> [WORK TO BE COMPLETED] Retype the whole listing exactly. Leave out pictures.
--- STORED DATA Enclosed Below ---
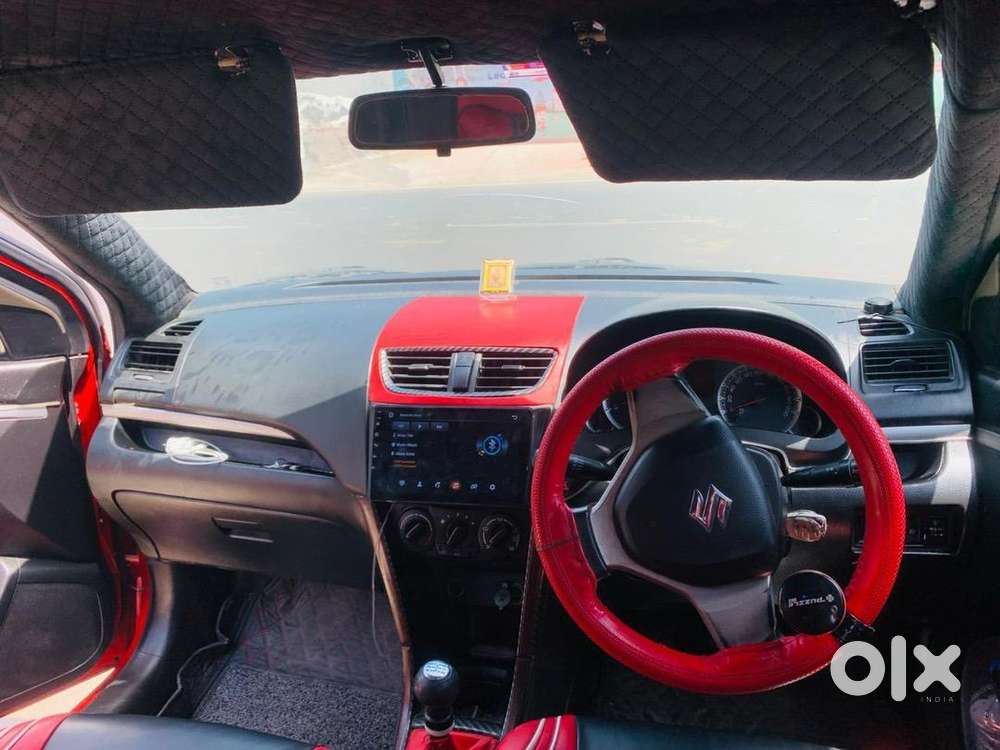 Maruti Suzuki Swift 2017 Diesel Good Condition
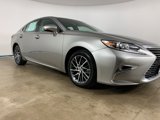 Used 2017 Lexus ES 350 image 4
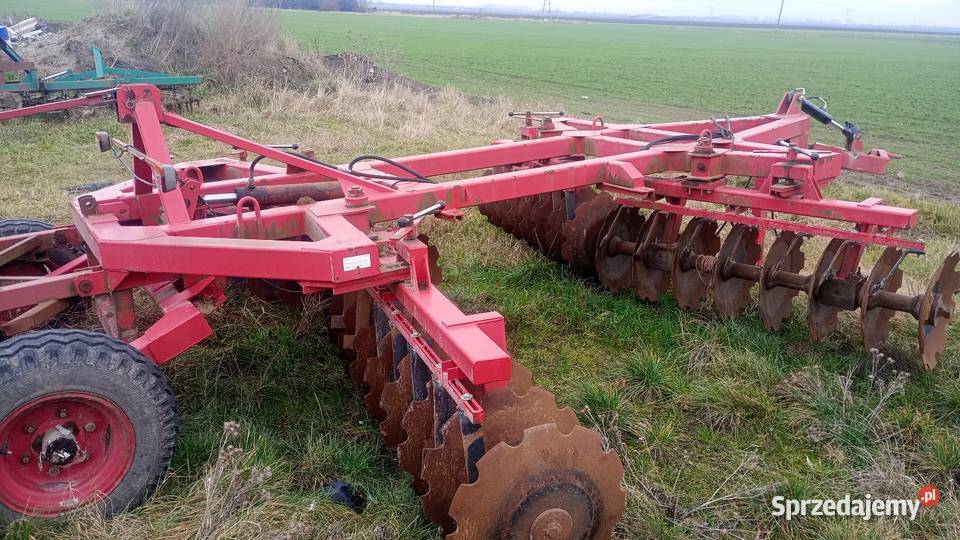 Brona talerzowa Talerzwka 410m Farmer Malbork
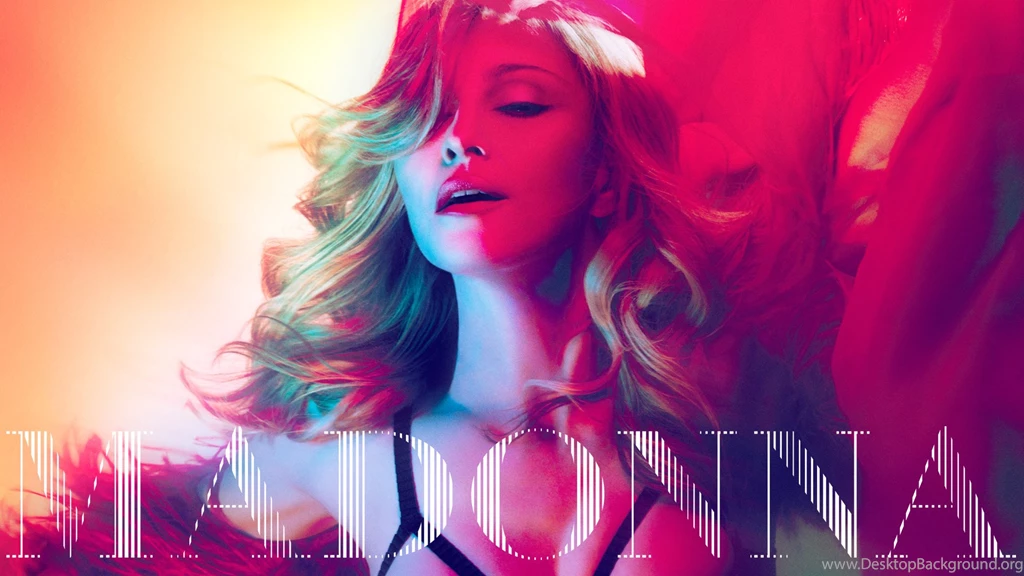 Mobile Madonna Wallpapers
--- End of Enclosed STORED DATA ---
> [ANSWER]
 Maruti Suzuki Swift 2017 Diesel Good Condition
 Used 2017 Lexus ES 350 image 4
 Brona talerzowa Talerzwka 410m Farmer Malbork
 Mobile Madonna Wallpapers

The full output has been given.